Le problème est que nombre de péripéties n'ont pas grand-chose à voir avec la vie des véritables sœurs Brontë. Le personnage de leur frère, Branwell, par exemple, n'a pas le destin décrit par le film (même si la réalité n'est pas beaucoup mieux). Quant aux autres sœurs Brontë, pour tout ce que j'ai pu lire, elles n'étaient pas à ce point à couteaux tirés avec Emily. Anne, dont Emily était très proche, est ici réduite à un rôle de quasi figurante.
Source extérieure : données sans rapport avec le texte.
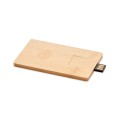 Pamięc flash 16gb w bambusowej obudowie w kształcie karty Creditcard Plus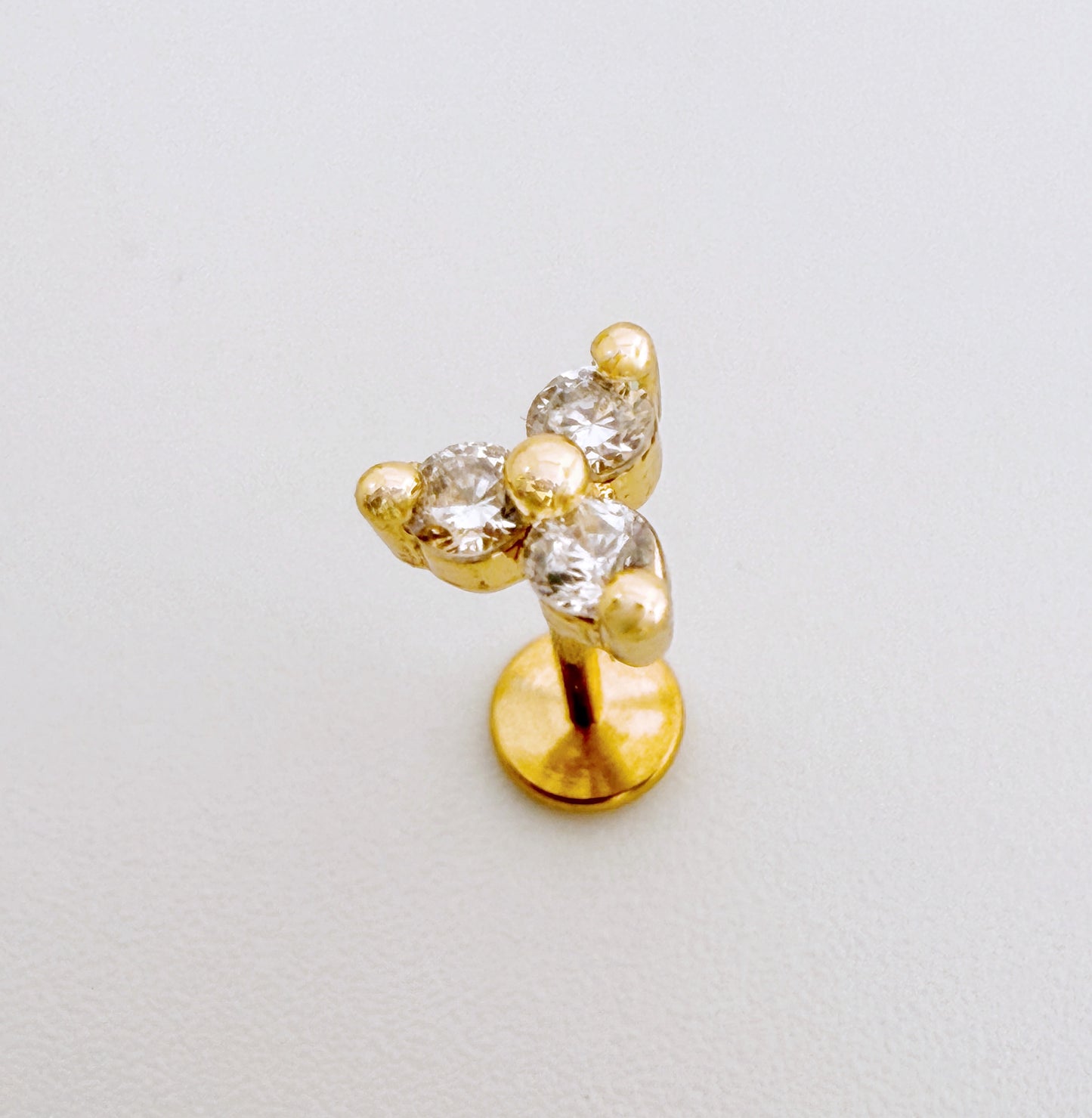 עגיל לפירסינג עדשת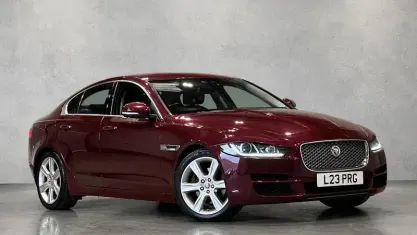 Used Jaguar XE Portfolio 180 HP (132 kW) 2016 Red Sedan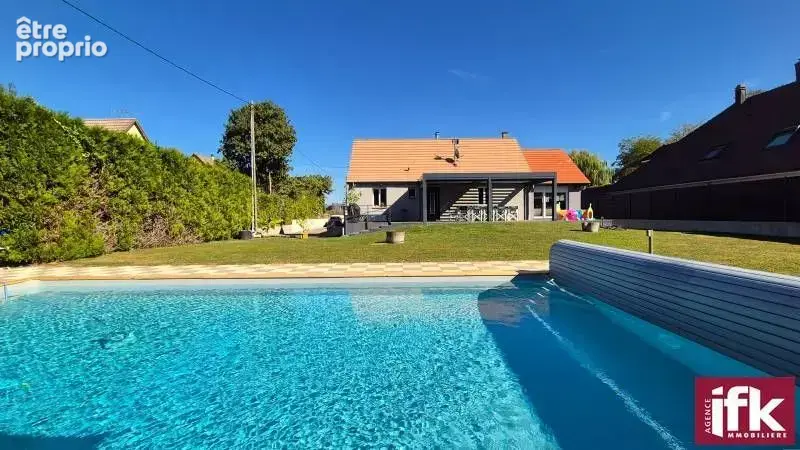 Maison plain-pied de 205 m² sur 13,52 ares avec piscine et double garage – DPE B - photo 1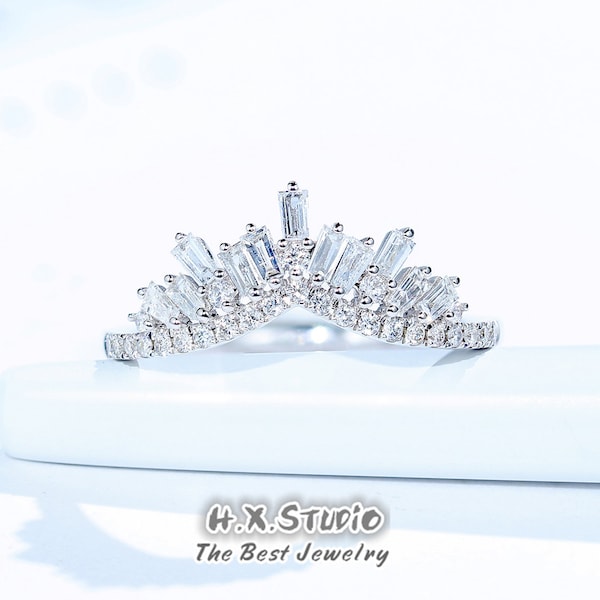 Obrączka ślubna z brylantami w litym 18-karatowym złocie/Zakrzywiona obrączka ze szmaragdem/Pierścionek w jodełkę/Ochraniacz na pierścionek z brylantami w kształcie litery V/Układanie obrączki w kształcie litery V/Biżuteria niestandardowa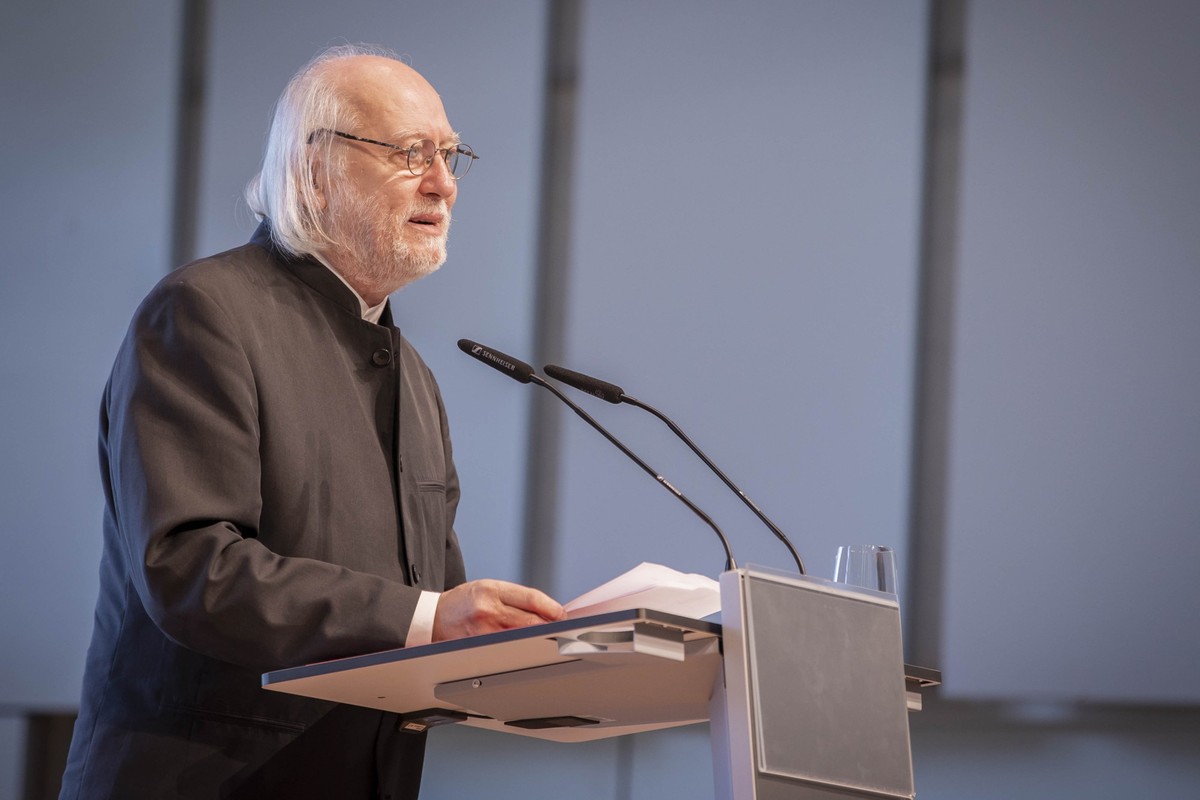 ARCHIV - 26.07.2021, Österreich, Salzburg: Laszlo Krasznahorkai, Schriftsteller aus Ungarn, hält eine Rede anlässlich seiner Auszeichnung mit dem &quot;Österreichischen Staatspreis für Europäische Lit ...
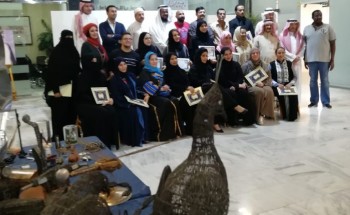 على شرف الدكتور طلال أدهم تناغم آرت تكرم المشاركين في المعرض الجماعي على شرف الدكتور طلال أدهم تناغم آرت تكرم المشاركين في المعرض الجماعي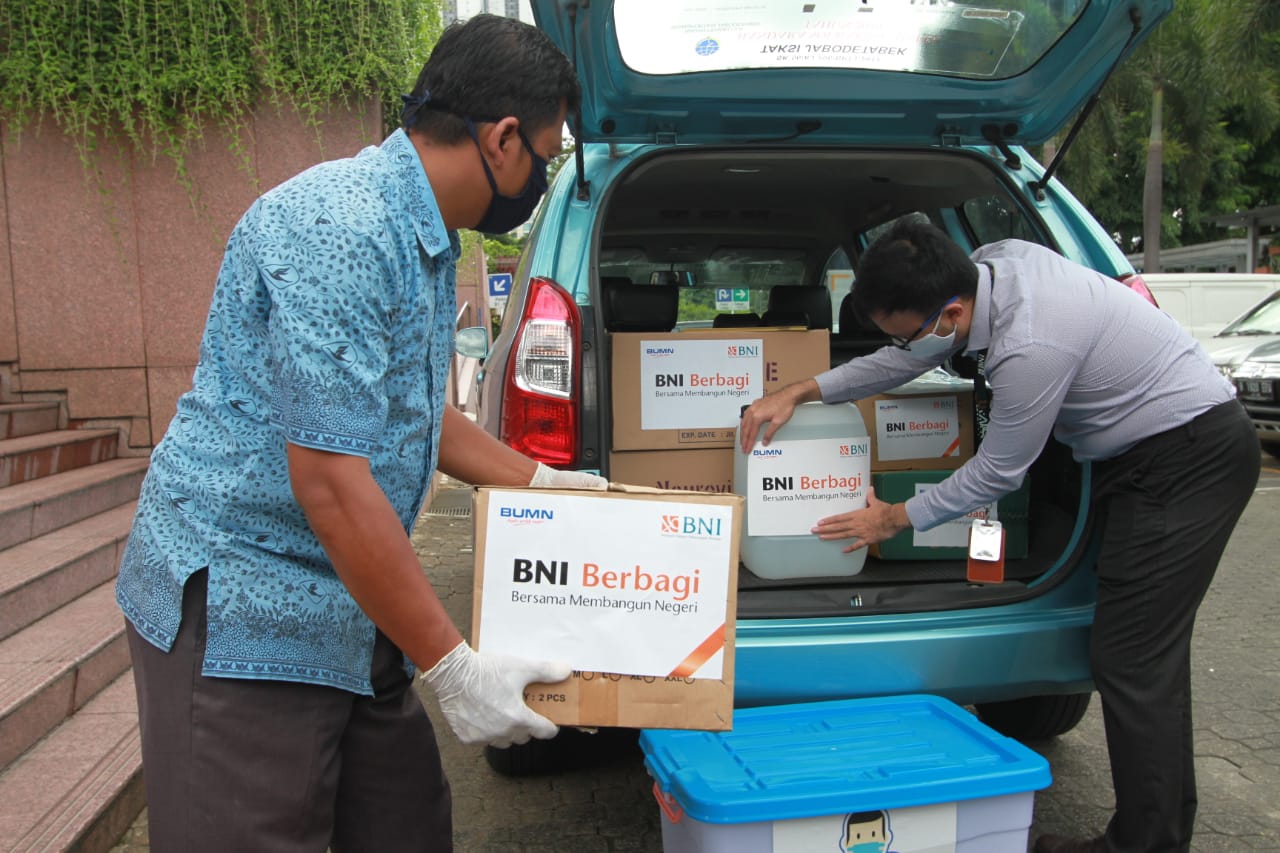 Pengiriman Bantuan BNI untuk Tenaga Medis. (Foto: Humas/BNI)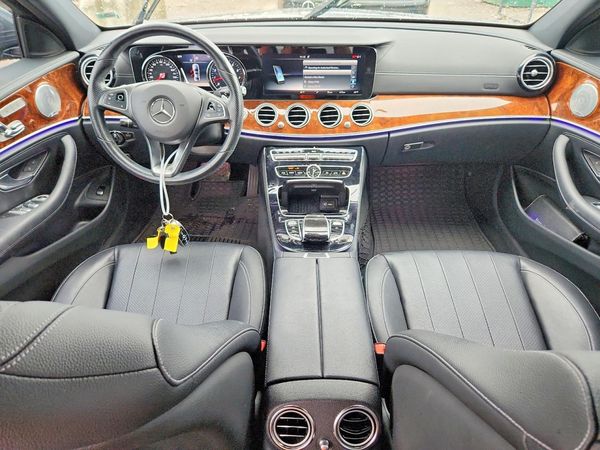 2017 MERCEDES-BENZ E E300-4M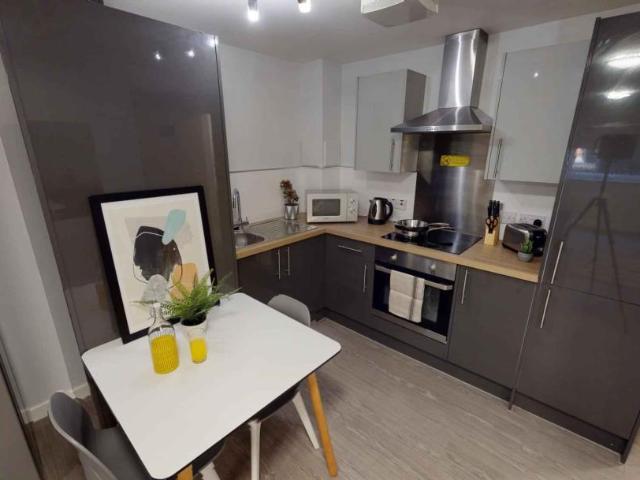 Room for rent in Hyde Park, West Yorkshire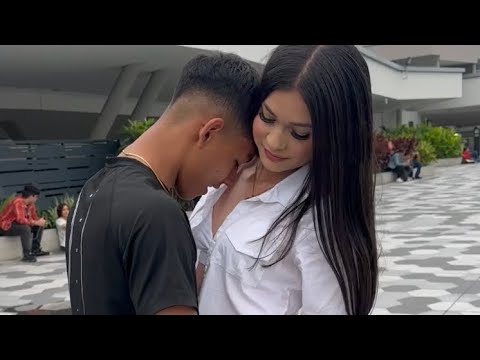 MILLONARIO REGALA IPHONE A V4GABUND0 POR BAILARLE A HERMOSA CHICA 😨😨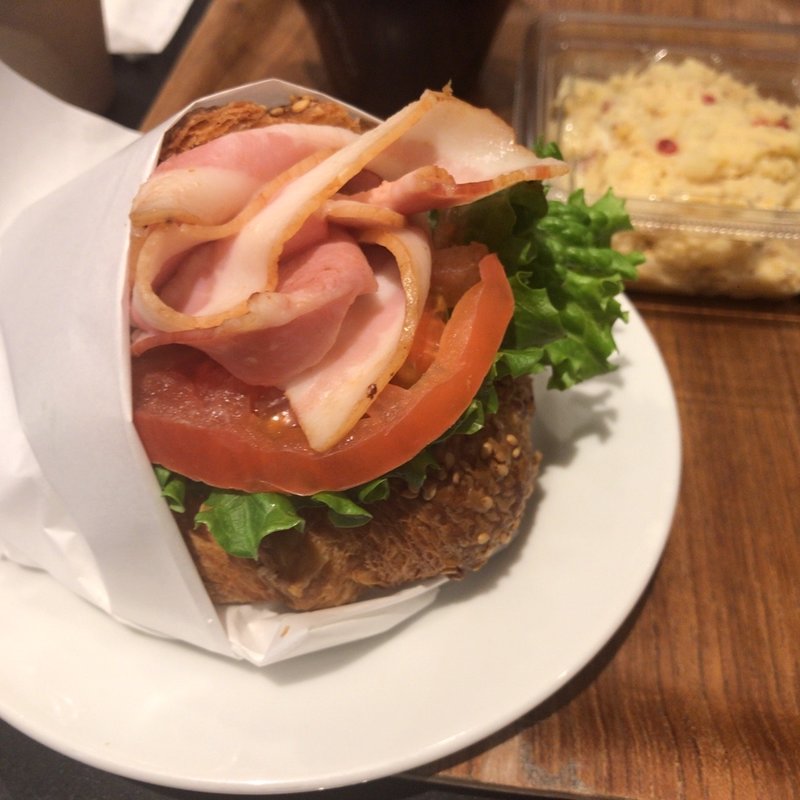 クロワッサンBLT(the city bakery)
Mais ma plus grande frustration envers ce film, c'est son incapacité à montrer le travail de l'écrivaine qui a mené aux
Hauts de Hurlevent. Comme dans trop de biopics d'écrivains, on a l'impression qu'il suffit de ressentir de grandes choses et de s'asseoir à un bureau le temps d'une nuit blanche pour accoucher d'un chef-d'œuvre. Les histoires que se racontaient (et écrivaient) les sœurs Brontë, dès l'enfance (donc bien avant le début de la période que le film choisit d'évoquer) sont à peine mentionnées, et on ne les voit jamais lire, à part à l'église ! Bien des détails de leur vie réelle paraissent plus extraordinaires que l'intrigue amoureuse fictive et finalement assez bateau inventée par le film. Quant à la vie d'Emily, elle semble émaillée de scènes qui, comme par hasard, préfigurent les péripéties des
Hauts de Hurlevent. Ainsi, une fois de plus, la genèse d'un roman est réduite à la simple transposition directe d'émotions et d'événements vécus par son auteur. Qu'est-ce que ça donnera quand quelqu'un voudra filmer la genèse de
Gagner la guerre de Jaworski !
Malgré ces défauts agaçants (et fréquents dans ce genre de film), je dois dire que je n'ai pas vu le temps passer et que l'ensemble forme une histoire prenante et qui donne à penser, même s'il vaut mieux la prendre prudemment comme un genre de Janeaustenerie un peu moins polie plutôt que comme un récit fidèle de la vie des Brontë. Il a aussi l'avantage de remettre le sujet sur le devant de la scène et d'y intéresser potentiellement un public nouveau. À elle seule, la somptueuse BO d'Abel Korzeniowski, sur fond d'arbres et de robes victoriennes, vaut la séance.